Thursday, January 23, 2020

Comments by erikjms

Showing 1 of 1 comments.

  • No, you don’t have blood on your hands–and wouldn’t have even if Earley’s son had fared worse.

    My very honest opinion, given the information given/linked here? Mr. Earley, I have no doubt, believes that he is trying to do the right thing for his son, and believes that “tough love” is a perfectly useful tool in motivating people to live up to their families’ and cultures’ expectations of them. But what I think I see is not at all unusual in the culture I live in (US, “western”, anglo-american–lots of names and none of them sufficient): our emphasis on individualism and personal responsibility often passes into brutality and abuse despite good intentions and in spite of every bit of love we believe we hold for those close to us.

    Take your meds or get out of my house? It looks to me that Earley’s son was given a choice between two barely tenable alternatives, and the son took the one that he himself considered less painful, less risky, less likely to cause him great harm: he left home, alone, knowing what he surely knows about his capacity to handle difficult situations.

    Being diagnosable with mental illness does not render us incapable of looking out for our own interests. Not knowing anything about Earley’s son, I can only speculate about why he chose to leave home rather than continue treatment when those were the only options available to him, but if I were going to analyze the situation further, I sure would want to know why he made that choice. I suspect the answer as to how best to serve his son could be found by listening to his son–for Earley, for anyone else.

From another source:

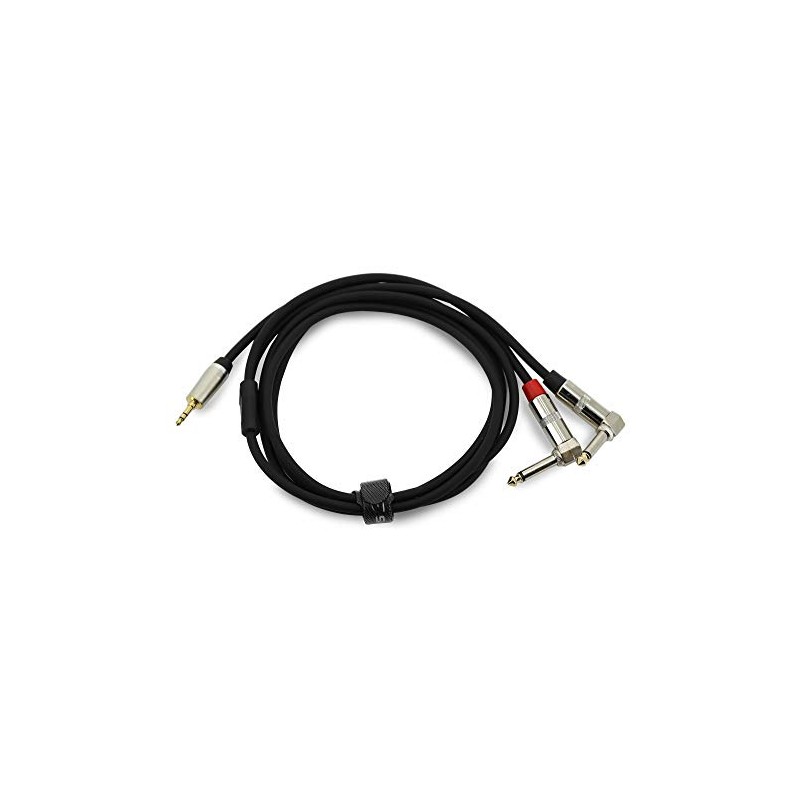 Mini-Jack to Dual Right-Angle 1/4" - DJ Smartphone Cable -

    Earley instead blames you for daring to uncover empirical facts and pointing them out where his son could see them. Controlling information access is a display of power. Possibly an abusive one. But it is endemic in our paternalistic culture and, for too long, has been an acceptable practice in “caring” for those whom we deem incapable of caring for themselves.

    And yet Earley’s son cared for himself by leaving home. This seems plain to me from here. The missing side of the story is the story his son could tell if given an audition. Earley maybe finds it easier to look outside for others to blame for “things going wrong”? I don’t know for sure, but I cannot see how you can be held responsible for his son’s decision.